> [EXERCISE INPUT]
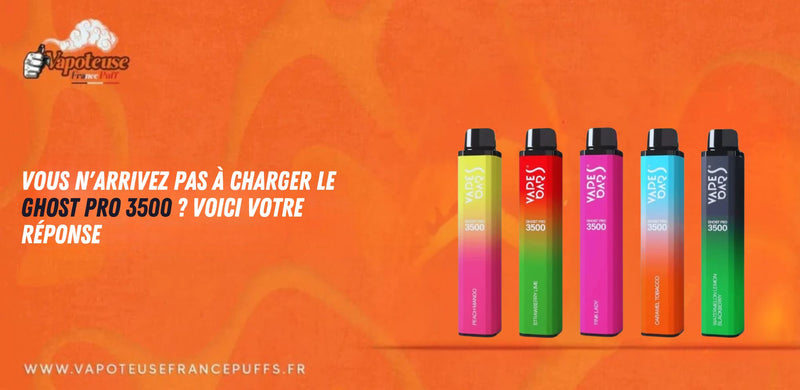 charger le Ghost Pro 3500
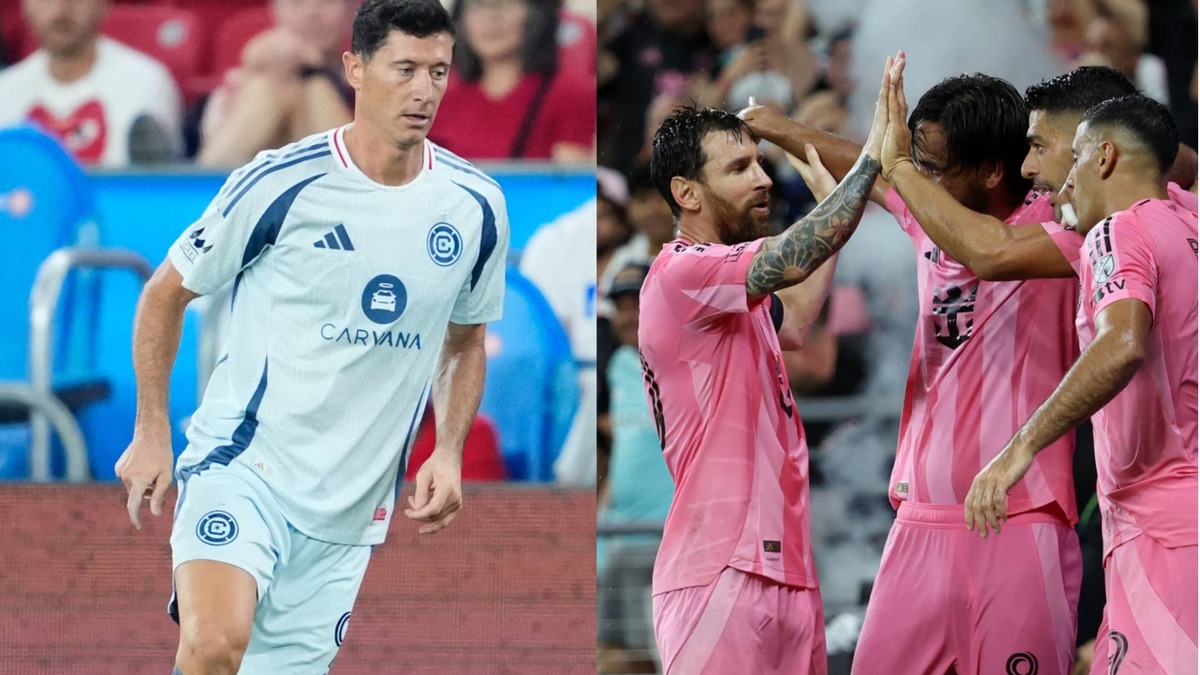 Chicago Fire vs. Inter Miami Lineups & Confirmed Team News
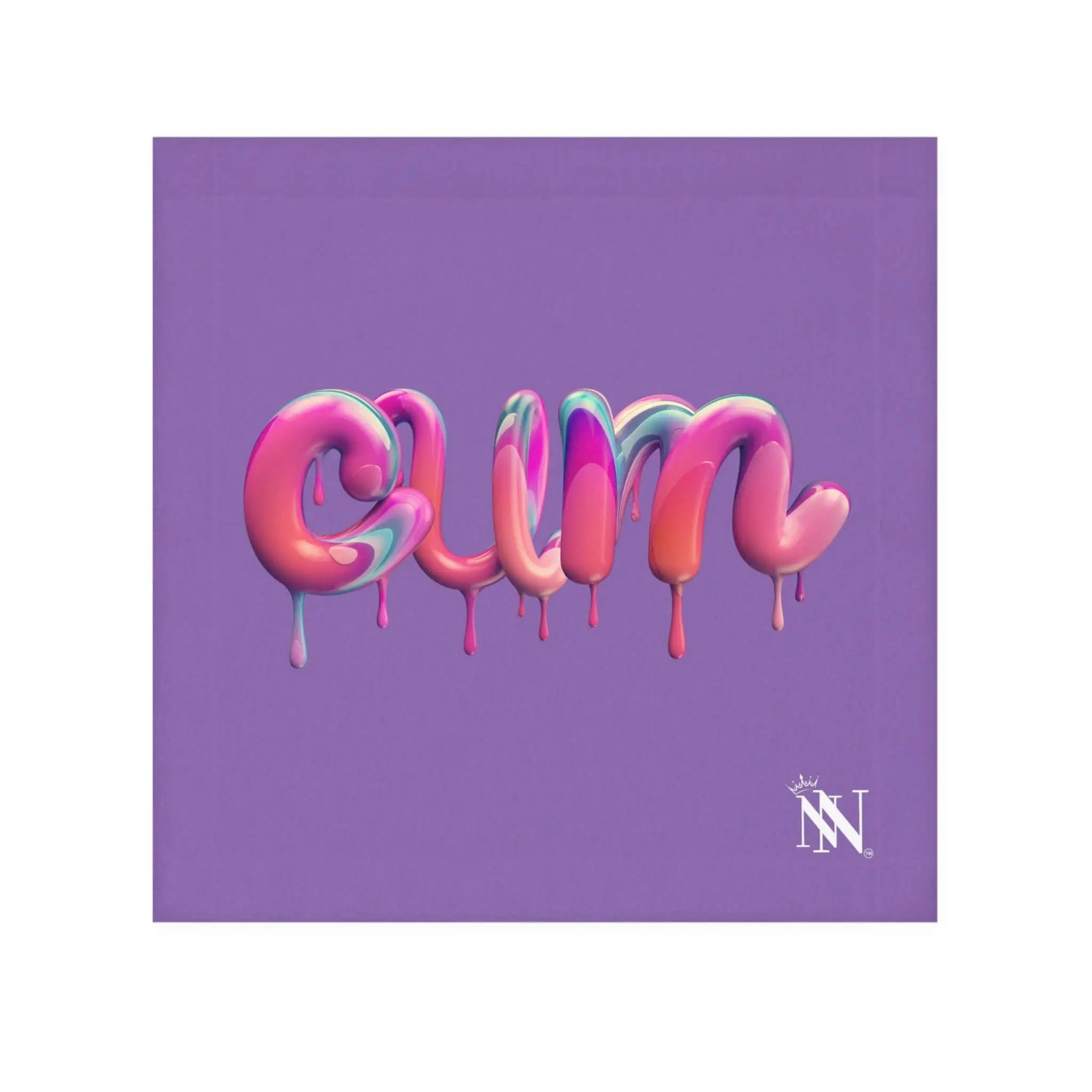 Dripping Cum Lavendar | Mix & Match Lils’ Fun-Flirty Lovers’ Towels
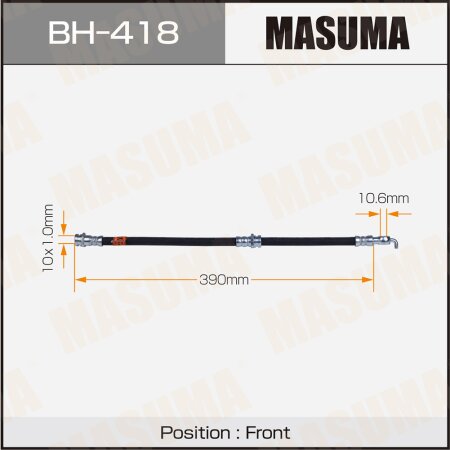 Шланг тормозной Masuma, BH-418
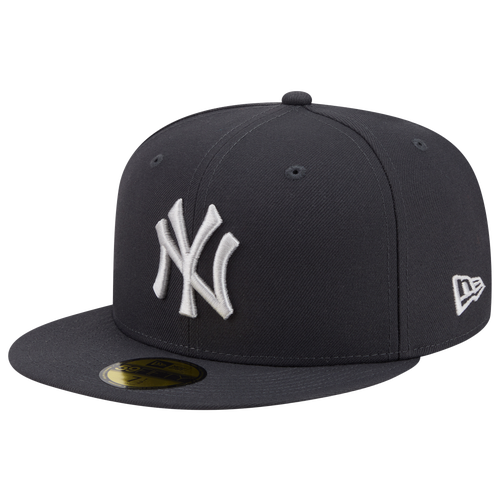 MENS - New Era Yankees 59FIFTY Cap - Anthracite/White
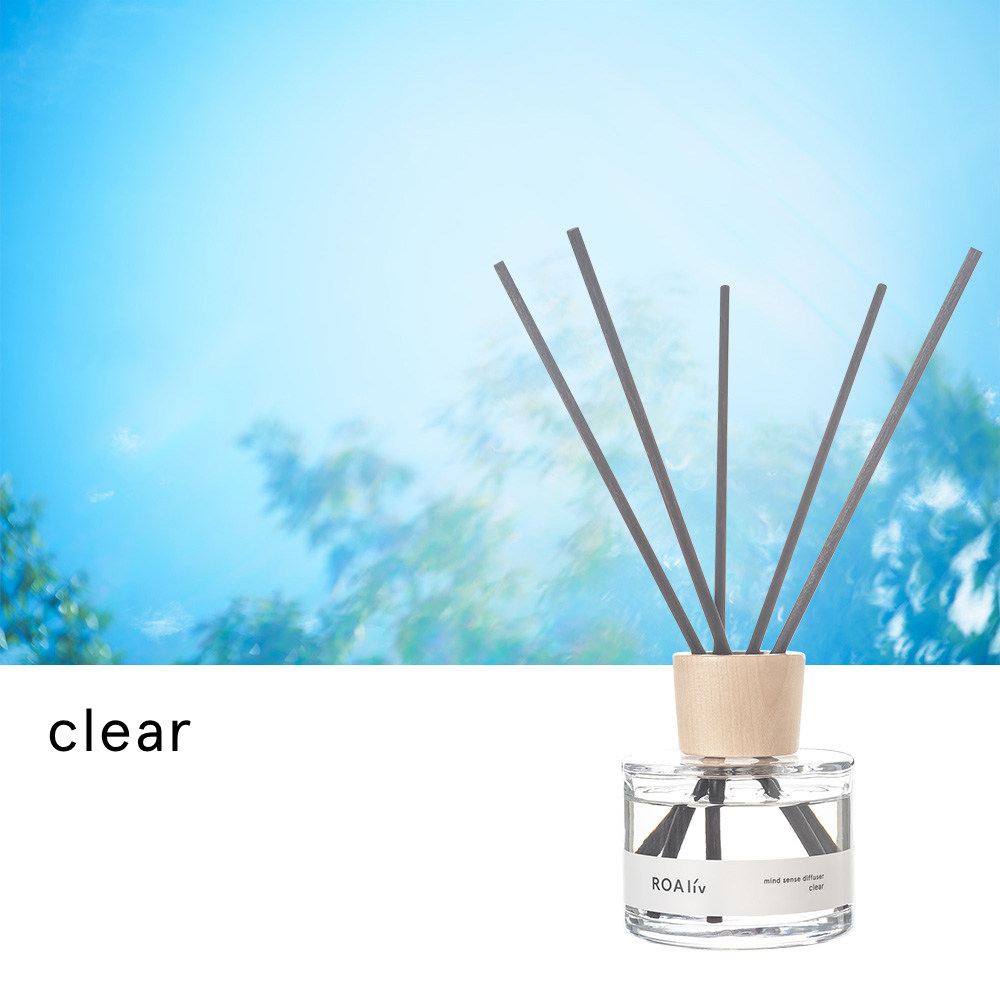 マインドセンス ディフューザー クリア　100mL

> [HOW TO COMPLETE THIS TASK]
Pictures stay out of the copy. Reproduce exactly the lines from the one containing "Шланг тормозной Masuma, BH-418" through the last line of the records above, both included.

> [EXERCISE ANSWER]
 Шланг тормозной Masuma, BH-418
 MENS - New Era Yankees 59FIFTY Cap - Anthracite/White
 マインドセンス ディフューザー クリア　100mL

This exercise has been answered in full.